Dieudonné went ballistic and accused “the Zionists who control the CNC” of intentionally rejecting his proposed script because France’s Jews did not want films made that would show victims of persecutions other than the Jews. The CNC’s president in the early 2000s, David Kessler, was indeed Jewish and active in progressive left-wing Jewish causes.
Kessler serves today as Hollande’s chief personal adviser on cultural affairs.
Dieudonné says the rejection of his script proposal was what sparked his antagonism against Jews.
Camus tells The Report, “Maybe he should have been helped to make the film, although I heard that the script was very weak. But if someone says he became an anti-Semite only because of a rejection by an institution presided over at one time by a Jew, then I say that he probably already had a natural leaning towards anti-Semitism.”
Going back to the stage, Dieudonné launched into tirades about how the Holocaust alone was recognized as a historical atrocity while black suffering was ignored. “All you have to do is to roll up your sleeve and show a concentration camp number for the money to come rolling in,” he railed.

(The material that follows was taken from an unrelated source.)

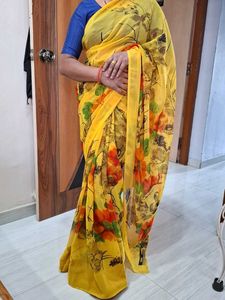 Yellow Floral Print Saree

When Jewish comedian Patrick Timsit called Dieudonné a Nazi, the reply was, “I became a Nazi by farting in my bathtub, whereas Timsit was born Jewish so he’s automatically a genius. But if persecutions start again, he should not ask to hide in my cellar,” proclaimed Dieudonné, instantly attracting an audience of anti-Semites and others drawn by the controversy.
In 2005, Dieudonné said he would stand as a candidate for the French presidential election of 2007, with the support of both ultra-left and extreme-right radicals. He drew media attention during his campaign, including from the courts, when he described the 2006 murder of young Jewish telephone salesman Ilan Halimi by a gang headed by an African Muslim hoodlum as “a Zionist plot.”
But Dieudonné’s bid to stand for election failed because he was unable to garner the 500 signatures of support required from mayors and other elected officials in the country.
In 2012, Dieudonné’s longtime Jewish partner Semoun was asked about his former friend and colleague’s evolution.
“It’s terrible,” Semoun said. “He lives in a world of hatred. For me, his evolution is traumatic because it is as if I had lived all those years alongside a psychopath or a pedophile without knowing it.”